--- DATA FOR THIS TASK ---
+--
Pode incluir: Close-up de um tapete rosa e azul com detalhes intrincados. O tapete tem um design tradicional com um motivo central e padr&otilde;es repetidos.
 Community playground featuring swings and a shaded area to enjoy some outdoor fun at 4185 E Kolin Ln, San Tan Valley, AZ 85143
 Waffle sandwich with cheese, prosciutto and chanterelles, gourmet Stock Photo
+--
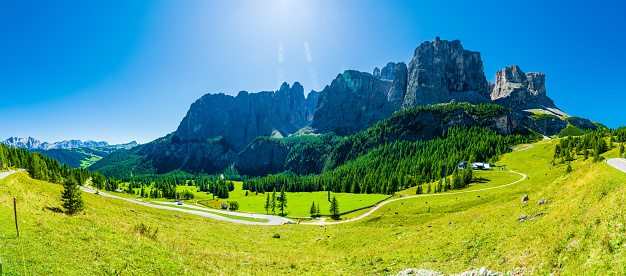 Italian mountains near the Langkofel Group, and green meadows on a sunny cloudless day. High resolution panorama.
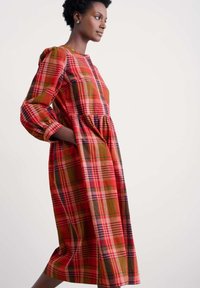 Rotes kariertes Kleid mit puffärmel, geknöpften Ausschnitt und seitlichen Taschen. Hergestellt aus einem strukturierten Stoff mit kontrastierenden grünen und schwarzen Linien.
+--
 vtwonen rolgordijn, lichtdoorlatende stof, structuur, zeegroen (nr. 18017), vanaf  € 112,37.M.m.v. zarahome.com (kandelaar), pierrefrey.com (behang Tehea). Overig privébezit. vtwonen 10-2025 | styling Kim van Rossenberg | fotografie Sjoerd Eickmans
+--
--- PROBLEM DETAILS ---
From the data above, return every line from the line that has "Pode incluir: Close-up" up to and including the line that has "Community playground featuring", exactly.

--- TASK ANSWER ---
Pode incluir: Close-up de um tapete rosa e azul com detalhes intrincados. O tapete tem um design tradicional com um motivo central e padr&otilde;es repetidos.
 Community playground featuring swings and a shaded area to enjoy some outdoor fun at 4185 E Kolin Ln, San Tan Valley, AZ 85143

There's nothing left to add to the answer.